The removal followed a ruling by US District Judge Christopher Cooper, who found in late May that Trump’s name had been illegally added to the center. The institution’s board, now controlled by the president’s appointees, appealed and asked the courts to pause the order, but on Friday a three-judge panel of the District of Columbia Circuit Court of Appeals refused to block the removal. The administration then asked for a twelve-hour grace period, and missed the deadline anyway.
The name that came down was not subtle. In December the board had voted to rechristen the complex The Donald J. Trump and John F. Kennedy Center for the Performing Arts, placing a living president ahead of the assassinated one the center has memorialised since 1971. By Saturday a blue tarp hung where the lettering had been.
The challenge came from inside the building. Representative Joyce Beatty, an Ohio Democrat and a trustee of the center, sued on the simple ground that Congress had named the institution by statute, and that no board, however loyal, could undo an act of Congress on its own. The judge agreed, ruling that the power to rename the public’s arts center rests with the legislature, not the president, according to CBS News.

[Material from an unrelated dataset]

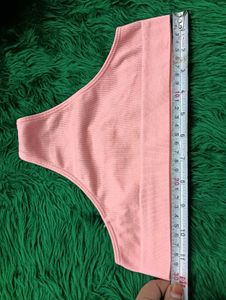 Peach Cotton Briefs ,💞28,30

That a sitting president had to be ordered by a court to take his own name off a memorial is a measure of how far the Kennedy Center has travelled. In February 2025 Trump seized control of the institution outright, firing its bipartisan board and installing himself as chairman, an intervention without precedent at a place that had spent half a century staying above the partisan fray. Programming buckled, performers withdrew, and the renaming was the capstone, the Washington Post reported.
The episode is of a piece with the way Trump has come to treat the shared spaces of the capital as personal property. He has had the East Wing of the White House bulldozed to make room for a 999-seat ballroom, and he staged a cage fight on the South Lawn to mark his birthday. Putting his name on the Kennedy Center, in letters taller than a person, fit the pattern.

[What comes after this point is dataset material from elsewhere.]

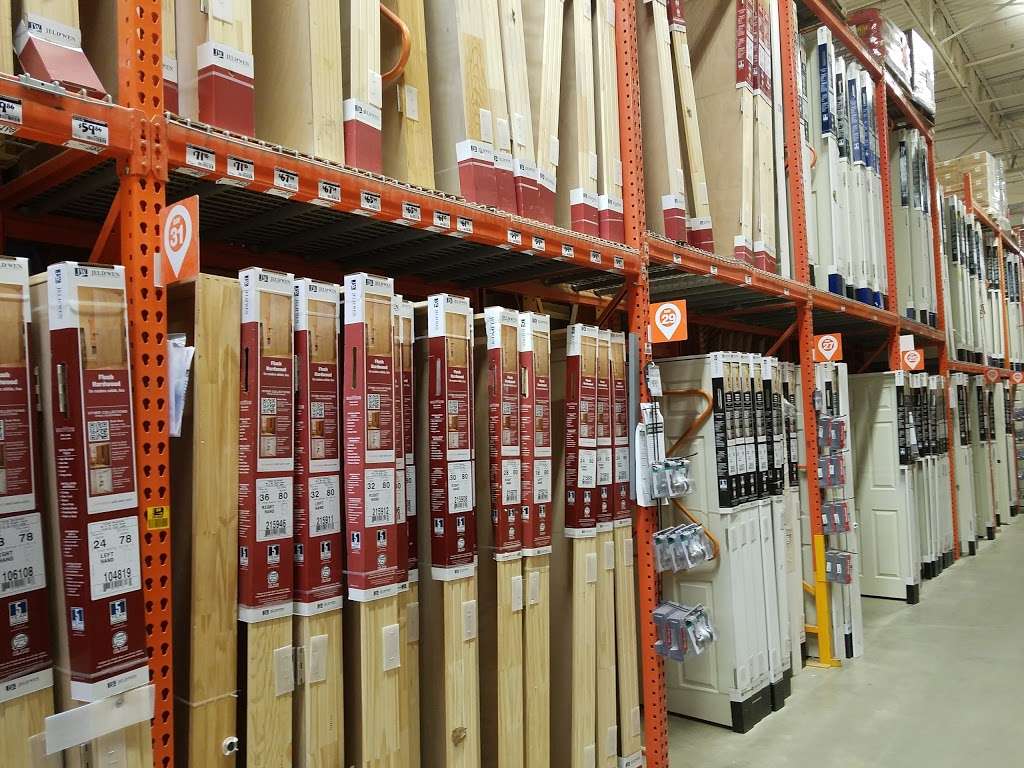 The Home Depot | 7690 Washington Ln, Wyncote, PA 19095, USA | Phone: (215) 881-9600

Judge Cooper’s reasoning was narrow and pointed. The center is not the president’s to rename, he held, because it was created and named by the people’s representatives, and a board the president had packed could not rewrite that. The appeals court left a door ajar, noting that the name could go back up if the Justice Department prevails in its full appeal, so the tarp may not be the final word.
Even so, the image of workers quietly dismantling a president’s name in the dark, while his lawyers lost in court and his administration begged for more time, lands at an awkward moment. Trump is reported to be frustrated as his agenda stalls and the judiciary repeatedly checks him, the same friction visible when he sent National Guard troops into an American city over the objections of its leaders. The courts have been one of the few brakes still working.
For now a blue tarp covers the spot where one president’s name briefly hung over a memorial to another. The lettering is down, the lawsuit goes on, and the question of who owns the public’s buildings has, at least until the next ruling, been answered.